In [1]:
import tensorflow as tf
import pandas as pd
import numpy as np
import os
import gc
import random
gc.collect()
display(tf.VERSION)

  from ._conv import register_converters as _register_converters


'1.9.0'

## Setup Constants

In [6]:
BASE_DIR = './'
BATCH_SIZE = 32
STEPS = 2000
DROPOUT = 0.05
HIDDEN_UNITS = [64, 32]

## Setup methods to be re-used

In [7]:
def get_data(file):
    """Load data from a given file.
    
    Args:
        file - a string path that will be appended to BASE_DIR
        
    Returns:
        pandas.DataFrame
    """
    import json as json
    with open(BASE_DIR + file) as f:
        json_data = json.load(f)
    data = pd.DataFrame(json_data)
    display(len(json_data))
    display(json_data[0])
    display(data.head())
    return data


In [8]:
def get_mappings(data):
    """Create the unique mappings based upon the data passed in
    
    Args:
        data - a pandas.DataFrame with cuisine and ingredients columns
    
    Returns:
        ingredients_mapping - a dict with key being the string and a unique int
        cuisine_mapping - a dict with key being the string and a unique int
    """
    unique_cuisines = data['cuisine'].unique()
    cuisine_mapping = {value: idx for idx, value in enumerate(unique_cuisines)}
    unique_ingredients = []
    for idx, d in data.iterrows(): 
        unique_ingredients += d['ingredients']
    unique_ingredients = set(unique_ingredients)
    ingredients_mapping = {value: idx for idx, value in enumerate(unique_ingredients)}
    return ingredients_mapping, cuisine_mapping

In [9]:
def transform_to_dense_array(data, cuisine_mapping, ingredients_mapping, shape=None, make_labels=True):
    """Transforms data to a dense array to be used in the model.
    
    This method basically turns a sparse representation into a dense representation of the data.
    
    Args:
        data - a pandas.DataFrame
        cuisine_mapping - the mapping derived from get_mappings
        ingredients_mapping - the mapping derived from get_mappings
        
    Kwargs:
        shape - optional max number of rows
        make_labels - create labels for each of the rows
    
    Returns:
        transformed - the transformed data to be used in the model.
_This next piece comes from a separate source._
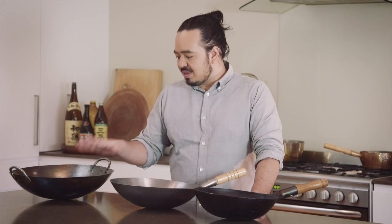All right, woks. When you're choosing a wok, there's four things you've got to think about: the material it's made from, the size of it, the type of handles it's got, and also the shape of the base.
The columns are the values from
            ingredients_mapping.
        labels - the labels corresponding to the rows (is an empty array if make_labels=False)
        data - original data but with the index reset
    """
    if shape is None:
        shape = len(data)
    transformed = {str(k): np.zeros(shape) for k in ingredients_mapping.values()}
    labels = []
    data = data.reset_index(drop=True)
    for idx, d in data.iterrows():
        if make_labels:
            labels.append(cuisine_mapping[d['cuisine']])
        for ing in d['ingredients']:
            transformed[str(ingredients_mapping[ing])][idx] += 1
        if idx >= shape - 1:
            break
    assert len(transformed['0']) == len(labels)
    return transformed, labels, data

In [10]:
def make_columns(keys):
    """Creates the columns for the models based upon ingredient_mapping.values()
    
    Args:
        ingredients_mapping - the mapping gotten from get_mappings
    
    Returns:
        An array of columns.
    """
    return [tf.feature_column.numeric_column(str(x)) for x in keys]

In [11]:
def train_input_fn(batch_size, p, csv_file):
    """An input function used to get the data for training the model."""
    # Read the data
    random_data = pd.read_csv(csv_file, 
                              header=0, 
                              skiprows=lambda i: i>0 and random.random() > p
    )
    label_list = list(random_data['label'])
    del random_data['label']
    dataset = tf.data.Dataset.from_tensor_slices((dict(random_data), label_list))
    return dataset.repeat().batch(batch_size)

In [12]:
def eval_input_fn(features, label_list, batch_size):
    """An input function for evaluation or prediction"""
    features=dict(features)
    if label_list is None:
        # No labels, use only features.
        inputs = (features,)
    else:
        inputs = (features, label_list)

    # Convert the inputs to a Dataset.
    dataset = tf.data.Dataset.from_tensor_slices(inputs)

    # Batch the examples
    assert batch_size is not None, "batch_size must not be None"
    dataset = dataset.batch(batch_size)

    # Return the dataset.
    return dataset

## Run the program

For this we are going to use the provided training data for both training and eval.

Notes:
  - Because of memory limitations we use only 10,000 records for training, and 10,000 records for eval. The problem appears to be loading of all the dataset into memory. An improvement would be to look into streaming the data.

In [13]:
data = get_data('train.json')
ingredients_mapping, cuisine_mapping = get_mappings(data)

39774

{'id': 10259,
 'cuisine': 'greek',
 'ingredients': ['romaine lettuce',
  'black olives',
  'grape tomatoes',
  'garlic',
  'pepper',
  'purple onion',
  'seasoning',
  'garbanzo beans',
  'feta cheese crumbles']}

Unnamed: 0,cuisine,id,ingredients
0,greek,10259,"[romaine lettuce, black olives, grape tomatoes..."
1,southern_us,25693,"[plain flour, ground pepper, salt, tomatoes, g..."
2,filipino,20130,"[eggs, pepper, salt, mayonaise, cooking oil, g..."
3,indian,22213,"[water, vegetable oil, wheat, salt]"
4,indian,13162,"[black pepper, shallots, cornflour, cayenne pe..."


In [23]:
training_data, training_labels, _ = transform_to_dense_array(
    data[0:30_000], cuisine_mapping, ingredients_mapping)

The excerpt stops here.